Task:
The part below that opens with the line containing "with crossed arms." and closes with the line containing "Pensando mirando al" should be copied exactly, minus any pictures.

═════ Information given

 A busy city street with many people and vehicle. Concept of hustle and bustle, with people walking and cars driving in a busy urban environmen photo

══════════
═════ Information given

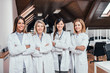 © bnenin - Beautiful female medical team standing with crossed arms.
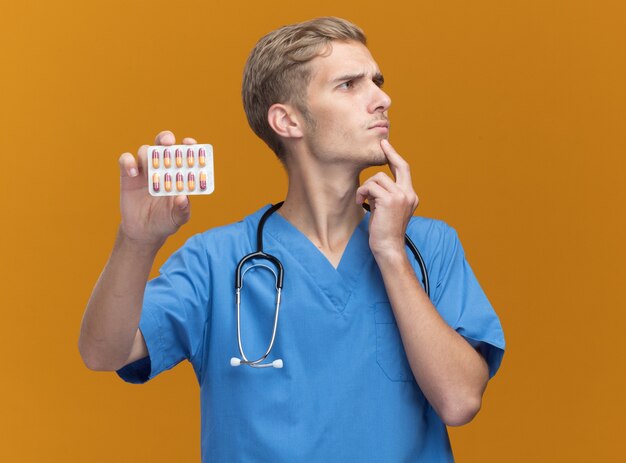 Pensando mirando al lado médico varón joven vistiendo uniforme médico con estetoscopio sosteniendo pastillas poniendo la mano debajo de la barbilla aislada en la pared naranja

══════════
═════ Information given

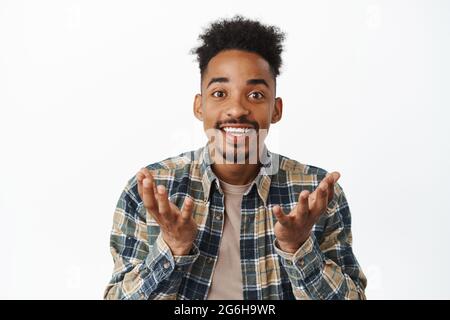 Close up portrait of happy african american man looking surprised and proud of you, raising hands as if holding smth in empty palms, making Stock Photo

══════════

Exercise response:
 © bnenin - Beautiful female medical team standing with crossed arms.
 Pensando mirando al lado médico varón joven vistiendo uniforme médico con estetoscopio sosteniendo pastillas poniendo la mano debajo de la barbilla aislada en la pared naranja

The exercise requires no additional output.